“Help! I’ve fallen, and I can’t get up!”

Oftentimes, we associate slips, trips, and falls with the elderly or our clumsy cousin. But, did you know that these are among the most common types of accidents in the workplace? Further, slips, trips, and falls can result in serious injuries with lasting consequences – especially for truck drivers and logistics workers.

Even the most youthful and athletic drivers are not exempt from these incidents, much less those who are in poor physical condition. One moment of distraction is all it takes for a trucker to make a mistake when walking around his vehicle or climbing into the cab.

To prevent yourself from incurring a devastating injury, you should become familiar with some best practices for maneuvering around your commercial vehicle and at transportation facilities. Here, we are going to look at several common causes of slips, trips, and falls (STFs), followed by practical ways you can prevent them.

Common Causes of Slips, Trips, & Falls

Slick Floors

An obvious culprit of workplace STFs is slick flooring. This could be a result of a number of things, such as freshly mopped floors or oil spills. This is particularly prevalent on smooth surfaces, such as a concrete warehouse floors. Also note that dirty floors can sometimes be just as problematic as slick ones. If the floor is dusty enough for you to slide around, it’s time to sweep!

Climbing In & Out Of The Truck

One of the most underestimated dangers of truck driving is climbing in and out of the cab of the truck. Doing so too quickly or without the proper technique can leave you laying on the pavement with serious injuries. Additionally, jumping or hopping out of the cab drastically increases your chances of twisting an ankle or hurting your back.

Uneven Surfaces

Uneven surfaces can cause drivers to trip, especially when it’s dark outside. Old parking lots or roads laden with potholes can wreak havoc on a truck driver who isn’t being careful.

Ice & Snow

Winter weather and trucking don’t mix nicely. Icy and snowy conditions can make truck drivers’ lives harder both on their feet and behind the wheel.


In the transportation industry, we utilize various tools and equipment such as forklifts, pallets, and dollies. If left unattended or in inappropriate places, these tools can become dangerous obstacles that present tripping hazards for workers.

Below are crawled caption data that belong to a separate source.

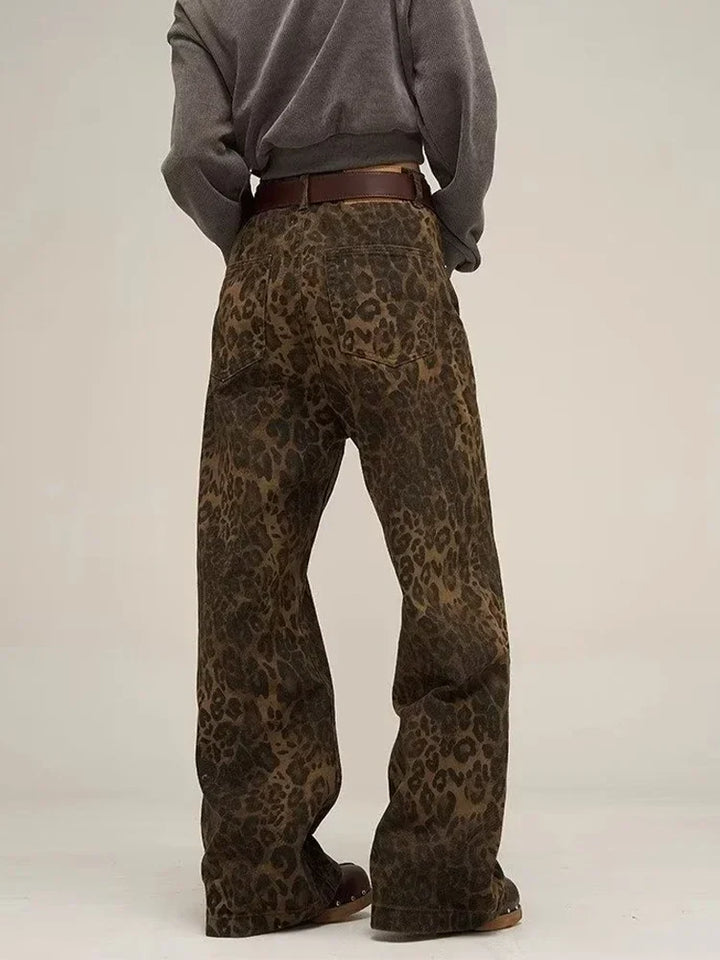 Levoire | Pantalon léopard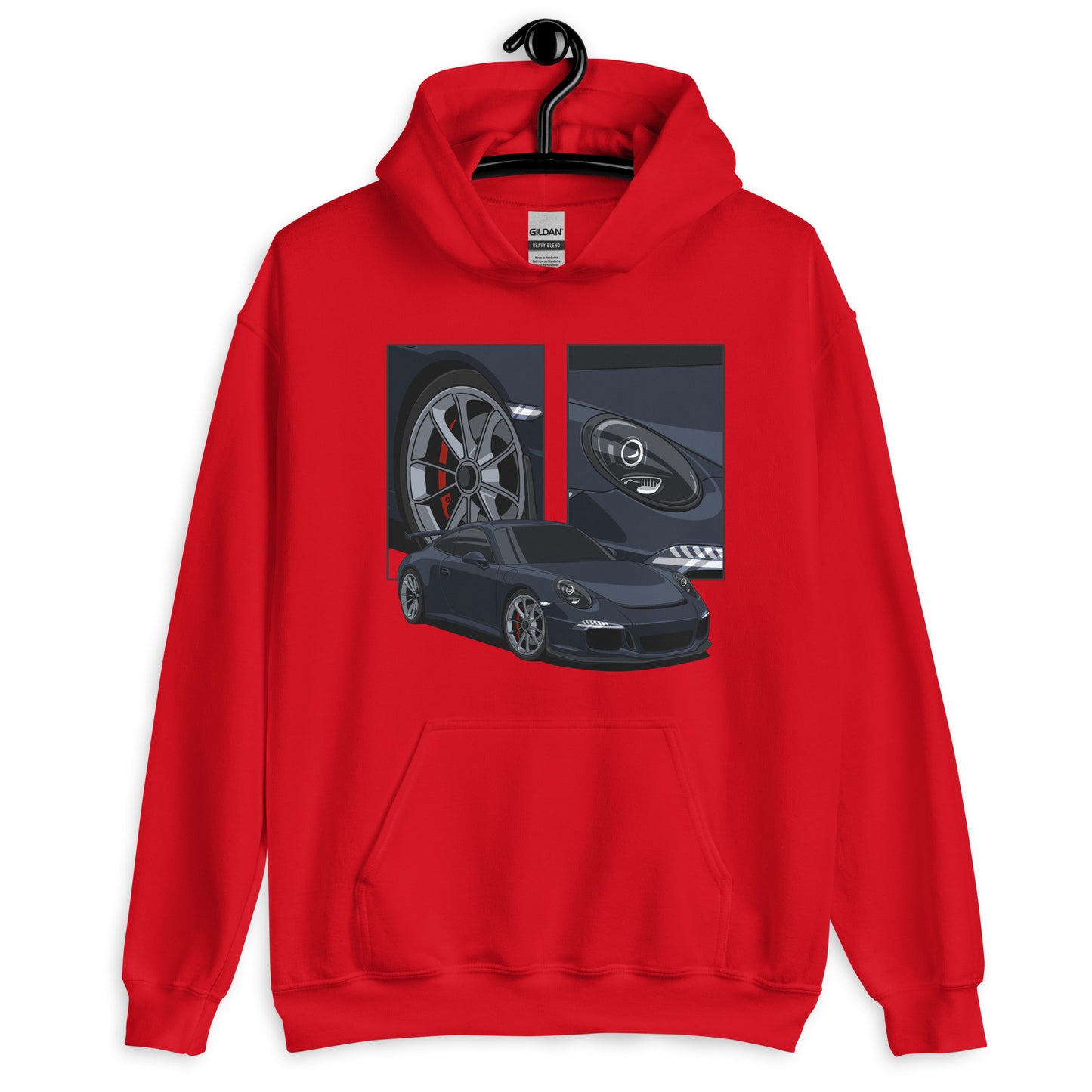 991 Euro Sportscar Hoodie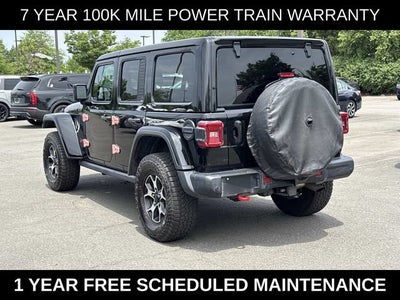 2021 Jeep Wrangler Unlimited Rubicon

How You Can Prevent Slips, Trips, & Falls

Wear the Right Footwear

Your first step against slips, trips, and falls in the transportation industry involves your shoes. In most cases, truck drivers and warehouse personnel ought to wear non-slip work boots with textured treads to maximize traction. Footwear such as cowboy boots have smooth soles and should be avoided always.

Clean Spills Immediately

Have you caused or spotted a fluid spill of any kind? Don’t leave it around, as it could quickly become a slipping hazard to you or someone else. Saying, “I’ll get it later,” could result in a visit to the E.R. Keep in mind that some fluids such as motor oil may require specific clean-up processes.

Use the 3-Point System

As you climb into and out of the cab of your truck, it’s absolutely necessary that you use the 3-point system (sometimes called 3 points of contact). This means that at all times, three of your four limbs are securely in contact with the truck. So, if you’ve only got one hand gripping the truck, both of your feet should be making contact with the truck. Conversely, if only one of your feet is making contact, both hands should be firmly gripping the truck.

Take Your Time

It’s important that you make your movements carefully and deliberately. This is especially true when you’re getting in your truck during winter weather. Always check each grip and platform that you are using to be sure that it’s not compromised by water, ice, snow, grease, or anything else. Whatever time of the year it is, analyze your surroundings and be aware of slip, trip, and fall hazards.

Read more: How to Combat the Hazards of Trucking in the Winter

Light the Way

If you can’t see, you can’t actively avoid hazards such as wet floors or obstacles. So, keep a flashlight handy and light up your environment when it’s dark.

The Big Idea

Slips, trips, and falls are an ever-present threat for truck drivers and transportation workers. When you become rushed or impatient, the chances of injury increase. Sometimes, that injury can result in months of being unable to work. So, remember – no matter how urgent a load is, you still have time to do things right!